• **EXERCISE DIRECTIONS**: Could the listing be repeated exactly, with every picture dropped?

━━━━━ GIVEN MATERIAL ━━━━━

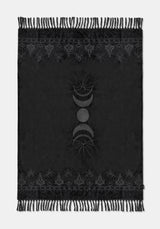 Trinity Moon Embroidered Throw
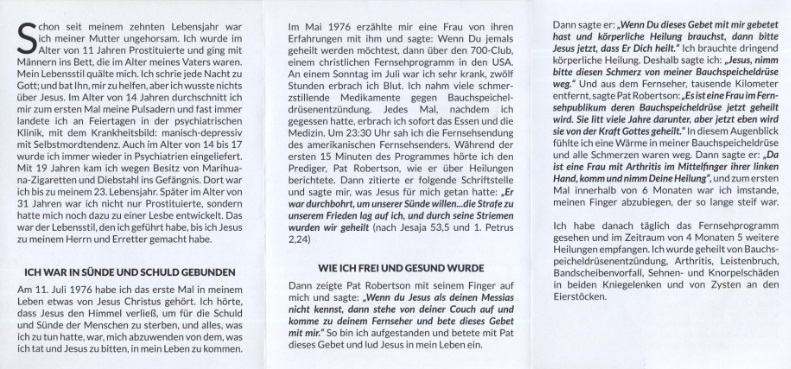 Weltweites Evangelium: Er gab mir neues Leben und heilte mich (Traktat)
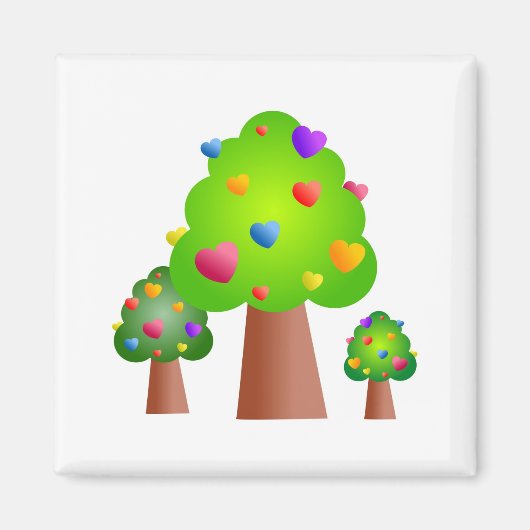 Love Forest Magneet (Voorkant)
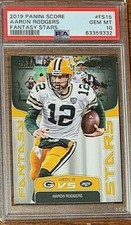 2019 Panini Score Fantasy Stars Football #FS15 Aaron Rodgers PSA 10 Pop 1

━━━━━

• **RESULT**:
 Trinity Moon Embroidered Throw
 Weltweites Evangelium: Er gab mir neues Leben und heilte mich (Traktat)
 Love Forest Magneet (Voorkant)
 2019 Panini Score Fantasy Stars Football #FS15 Aaron Rodgers PSA 10 Pop 1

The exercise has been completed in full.